To Kill A Saint – A Personal History, Reimagined on Film

To Kill A Saint – A Personal History, Reimagined on Film

To Kill A Saint is not just a music video – it’s a deeply personal reckoning. The track draws directly from Oliver Anderson’s family lineage, rooted in a historical witch trial in which one of his ancestor was falsely accused and persecuted. That inherited trauma runs through the song’s lyrics, particularly the recurring idea that “once a sinner, always a sinner”, a phrase that captures the brutal logic of accusation culture, where guilt is permanent and innocence irrelevant.

Directed and produced by Kieran Lowley and Isobel Drane, and produced by Red Robin Films, the video was conceived as an emotional reflection rather than a literal retelling. From the outset, the aim was to create something gritty, raw, and unsettling, resisting polish in favour of emotional truth. This is not a story to be observed from a distance. It’s one to be endured.

The visual language leans heavily into a handheld camera style, grounding the film in physical presence and instability. The camera is constantly searching, mirroring the paranoia and inevitability of a witch hunt in motion. While slow motion is used sparingly for moments of haunting beauty, the dominant rhythm remains urgent and unstable, creating a persistent sense of threat – what we came to describe as beautiful terror.

Shot over two days at Walthamstow Wetlands, the landscape becomes an extension of the story itself – open, exposed, and merciless.
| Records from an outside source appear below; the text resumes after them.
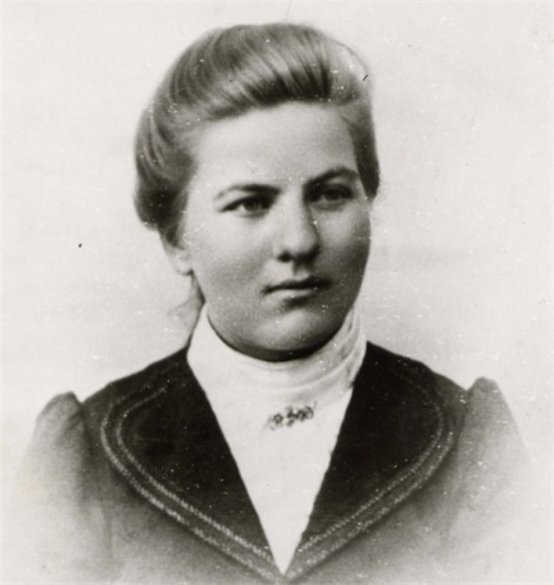 Nelly Nilsdotter 1880-1926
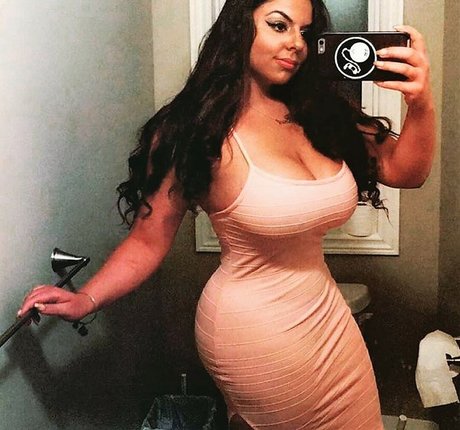 iloveteniah pornstar sexy images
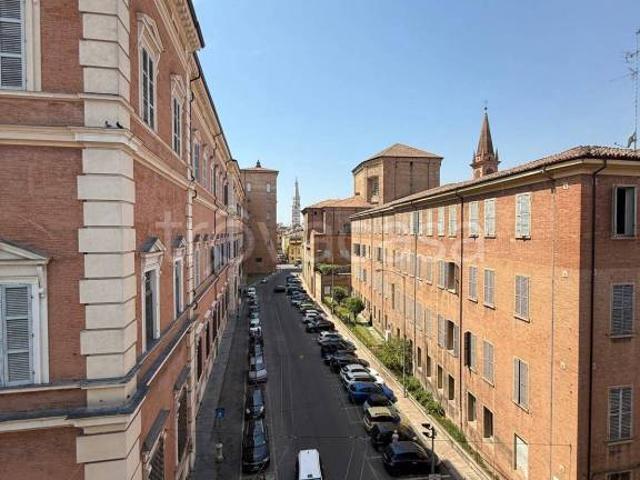 Quadrilocale in vendita a Modena, Centro Storico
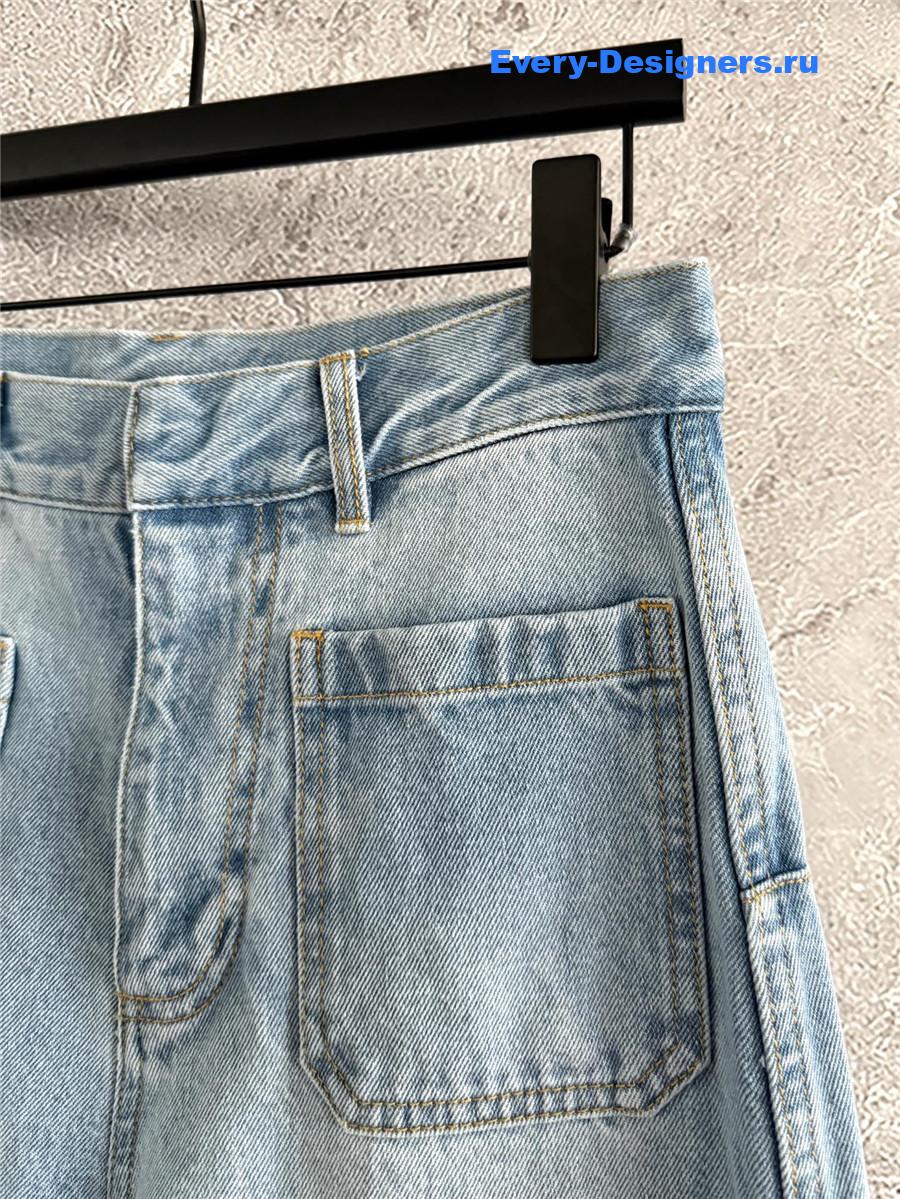 D10r light blue wash wide leg jeans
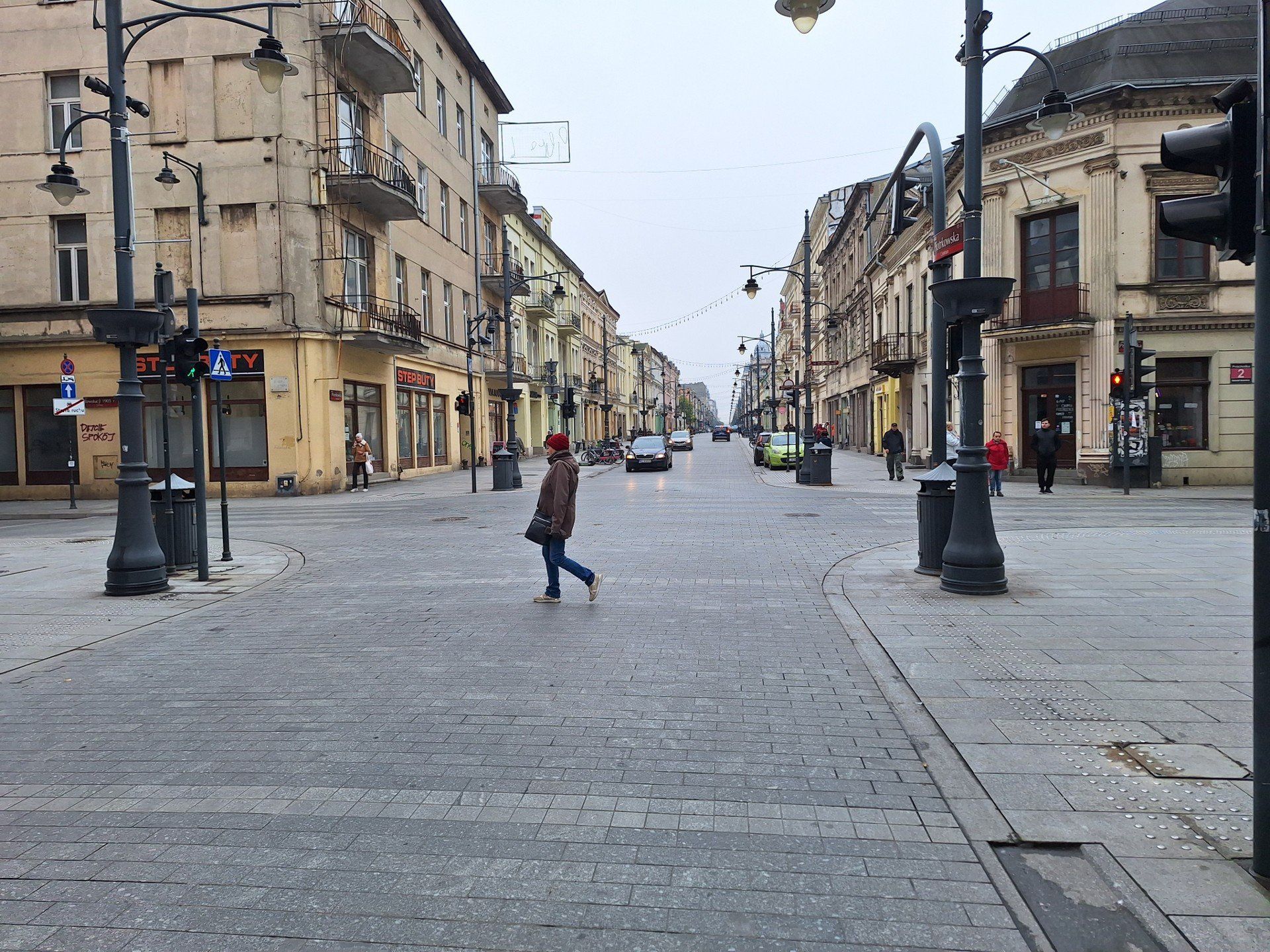Rozpoczął się montaż słupków na Piotrkowskiej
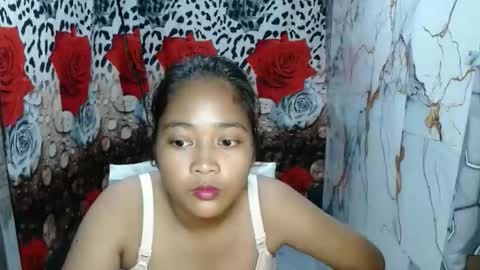 Snapshot of ur_prettymitch chatting on November 9, 2025, 3:32 pm ur_prettymitch online show from November 9, 2025, 3:32 pm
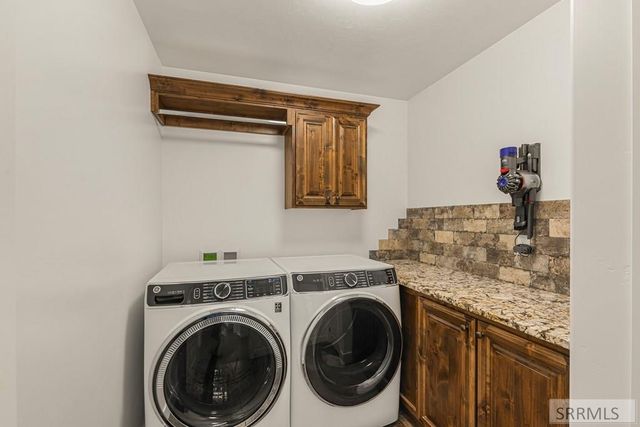 7232 Middle Fork Road, Idaho Falls, ID 83406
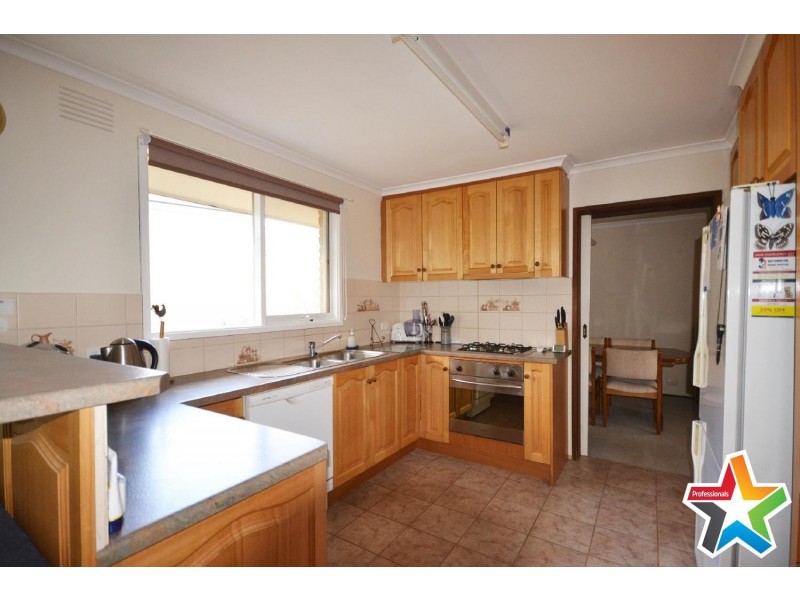 6 Nambour Drive, Mooroolbark VIC 3138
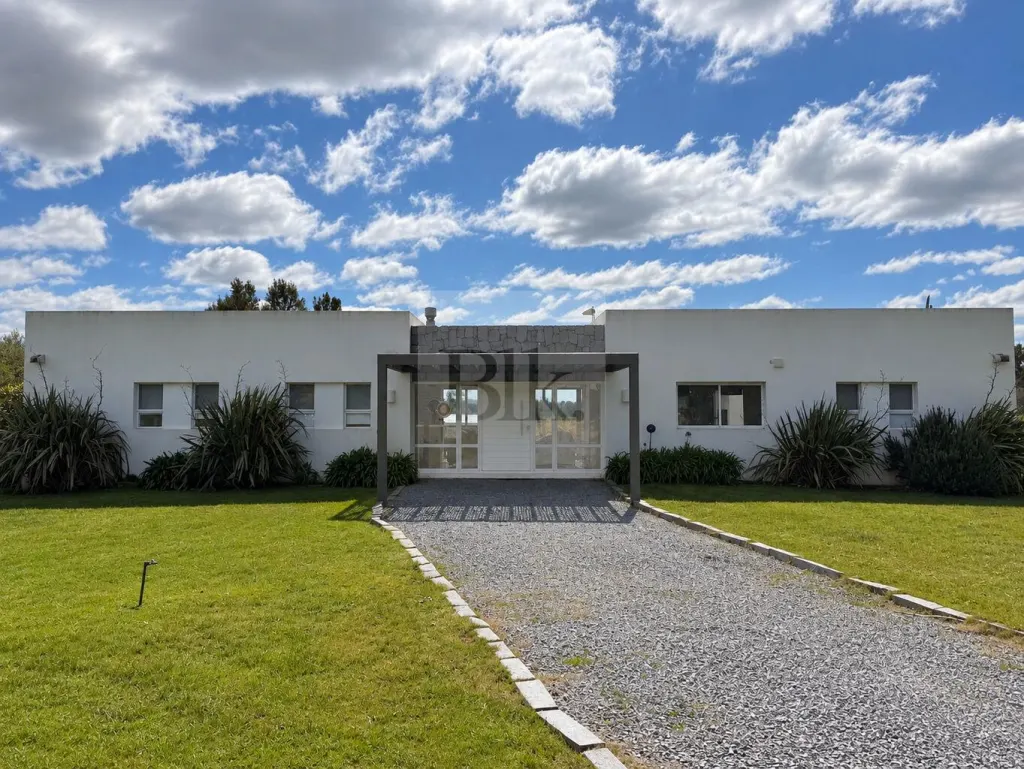 Casa em condomínio fechado em La Barra · Casa em El Quijote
Cinematographer Hal Pilkington shot on the Blackmagic URSA 12K in Super 16 6K mode, paired with Petzval lenses to introduce optical imperfections and swirling bokeh, subtly distorting the frame and echoing how truth bends under fear and hysteria.

In post-production, restrained visual effects heighten the atmosphere: speed-ramped clouds move unnaturally across the sky, and a digitally constructed funeral pyre delivers the film’s final act with ritualistic weight and dread.

The result is a music video rooted in personal history yet painfully contemporary – a meditation on persecution, inherited guilt, and the enduring violence of accusation.